At page 46, record, and as part of the bill of exceptions, signed by the circuit judge, is this statement: “ also, the defendant desired to have regarded as read all the proceedings and the evidence in the case of Spence and King vs. J. K. Leeman contesting his right to the office, B. J. Hinton objecting to its competency; but it was agreed the same might be considered as read so far, and only so far, as the same is compe*45tent and relevant. And as a part of the proceedings and evidence before the contesting board, this statement is found at page 61, record, to-wit: Leeman then offered the following minute book of county court as to Leeman’s qualifications as county court clerk, bond, &c. (page 8; the bond does not appear in the minutes or on file), a copy furnished. See page 641.” Now, take all in the brackets as the statement of the clerk, which doubtless it is, and for the minutes reference is made to page 8, with the statement that bond was not on file, fyc.

By turning to page 8 of the record, this statement and order is found: “ The order of court marked B, mentioned in the answer, reads as follows : ‘ Monday, September the 7th, 1863, called court.

‘ J. K. Leeman produced his certificate of election to the office of county court clerk of McCracken county, Kentucky, and also a certificate of qualification from Hon. C. S. Marshall, judge of the first judicial district, and offered for his securities R. H. Hall, D. C. Peters, and Wm. H. Kidd, and moved to qualify as county court clerk. Thereupon Milton King and James Spence, by their counsel, moved the court to postpone any further action in this court as to the qualification of said Leeman until the board for contested elections for this county should act upon the two cases of King and Spence vs. Leeman for the office of county clerk. The said Leeman asked further time to obtain other sureties on his bond, which was granted him. The said Leeman then presented the names of Albert Bradshaw and R. A. Bacon as additional securities, who, together with the first named securities, were accepted as sufficient by the court. Upon consideration, the court overruled the motion of King and Spence, the two contestants, to which King and Spence excepted, and thereupon said Leeman executed a covenant to the Commonwealth of Kentucky, with R. H. Hall, D. C. Peters, W. H. Kidd, Albert Bradshaw, and R. A. Bacon as his securities, in open court, and took the oaths as required by the constitution and laws of this State.

‘A true copy — attest:

‘J. K. Leeman, Clerk.'1

*46When a record or written instrument has been used as evidence in a case, and a copy is elsewhere to be found in the record, to refer to it by the clerk has been repeatedly held by this court as incorporating it into the bill of exceptions, and is both proper , and convenient as not encumbering the record with unnecessary copies.

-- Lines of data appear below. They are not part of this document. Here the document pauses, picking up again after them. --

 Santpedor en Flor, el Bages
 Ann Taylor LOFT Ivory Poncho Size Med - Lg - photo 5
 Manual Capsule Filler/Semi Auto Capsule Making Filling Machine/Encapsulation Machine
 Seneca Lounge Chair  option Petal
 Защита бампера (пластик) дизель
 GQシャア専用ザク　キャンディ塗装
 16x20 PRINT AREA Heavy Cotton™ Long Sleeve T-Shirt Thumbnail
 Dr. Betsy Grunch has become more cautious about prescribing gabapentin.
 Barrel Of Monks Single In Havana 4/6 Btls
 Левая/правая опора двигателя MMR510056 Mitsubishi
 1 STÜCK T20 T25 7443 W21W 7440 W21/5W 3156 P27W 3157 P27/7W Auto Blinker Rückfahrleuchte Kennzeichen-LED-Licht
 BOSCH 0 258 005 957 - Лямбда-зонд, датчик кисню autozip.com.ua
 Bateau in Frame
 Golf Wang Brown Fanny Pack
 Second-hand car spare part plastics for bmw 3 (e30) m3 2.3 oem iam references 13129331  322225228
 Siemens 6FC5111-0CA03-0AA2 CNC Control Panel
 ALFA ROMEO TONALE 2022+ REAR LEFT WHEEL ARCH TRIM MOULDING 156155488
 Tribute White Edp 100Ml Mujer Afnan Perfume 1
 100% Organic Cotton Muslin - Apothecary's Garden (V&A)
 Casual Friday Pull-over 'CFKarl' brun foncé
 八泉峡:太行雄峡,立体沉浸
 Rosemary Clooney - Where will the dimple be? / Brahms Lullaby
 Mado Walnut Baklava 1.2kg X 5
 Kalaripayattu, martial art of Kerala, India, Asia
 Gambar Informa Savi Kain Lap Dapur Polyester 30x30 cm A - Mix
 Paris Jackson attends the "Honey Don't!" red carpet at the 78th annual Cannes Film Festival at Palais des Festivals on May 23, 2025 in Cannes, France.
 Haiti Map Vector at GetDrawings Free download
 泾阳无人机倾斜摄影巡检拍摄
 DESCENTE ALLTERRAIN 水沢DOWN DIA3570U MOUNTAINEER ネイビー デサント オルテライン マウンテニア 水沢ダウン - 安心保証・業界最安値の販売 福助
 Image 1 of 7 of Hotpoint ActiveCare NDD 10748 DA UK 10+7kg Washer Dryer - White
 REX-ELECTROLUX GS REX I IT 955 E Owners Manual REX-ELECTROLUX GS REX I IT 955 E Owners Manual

As much of this proceeding before the contesting board had been used by Hinton as evidence, and as it is incorporated as part of the evidence before the circuit court, certainly under said agreement, at least, hll that portion which was competent and relevant should be considered by this court. As there was no exception taken to its being read, although objected to, it might well be said it could not be excluded by this court. It has been repeatedly held by this court, before they will revise an error of the circuit court in admitting evidence, that the record must show not only that it was objected to, but that an exception to the ruling of the court had been taken. Objection without exception, or vice versa,- has- been universally held as insufficient. This county court order was part of the evidence presented to the circuit court, is incorporated in the bill of exceptions; is both competent and relevant; it cannot be excluded by this court, whether tested by the principles of law or the terms of the agreement; it should therefore be regarded by this court.

The parol testimony of G. A. Flournoy, called by Hinton, to which there is neither objection nor exception, also establishes that Leeman was the incumbent in said office. He stated: “ That at the called term of his court at which B. J. Hinton was appointed county court clerk, defendant Leeman refused to enter up the orders of court then and there made; and upon his refusal, he, witness, as county judge, recorded in the order book of the court his own orders appointing Hinton clerk, to-wit: *The above order (the appointment of B. J. Hinton) was made by the judge of this court, J. K. Leeman, the incumbent, refusing t> do so, and voluntarily absenting himself.’”

This evidence being introduced by Hinton without objection, is both competent and sufficient to establish that Leeman was *47then the incumbent in the office of county court clerk. Hinton cannot be heard to object to it, as it is his own evidence. It is thus established that Leeman was the incumbent, acting as the county court clerk; that he had been regularly installed into office; had executed the necessary bond, and taken the requisite oaths of office ; that he had the necessary certificate from the circuit judge of his qualifications to discharge the duties of the office. The county court order also recites that he had a certificate of election; but whether this installation into office be by virtue of an election or appointment to fill a vacancy by the county court, matters not.

The county court being of limited jurisdiction, the facts authorizing it to take jurisdiction must appear, and no presumption in favor of its jurisdiction can be indulged.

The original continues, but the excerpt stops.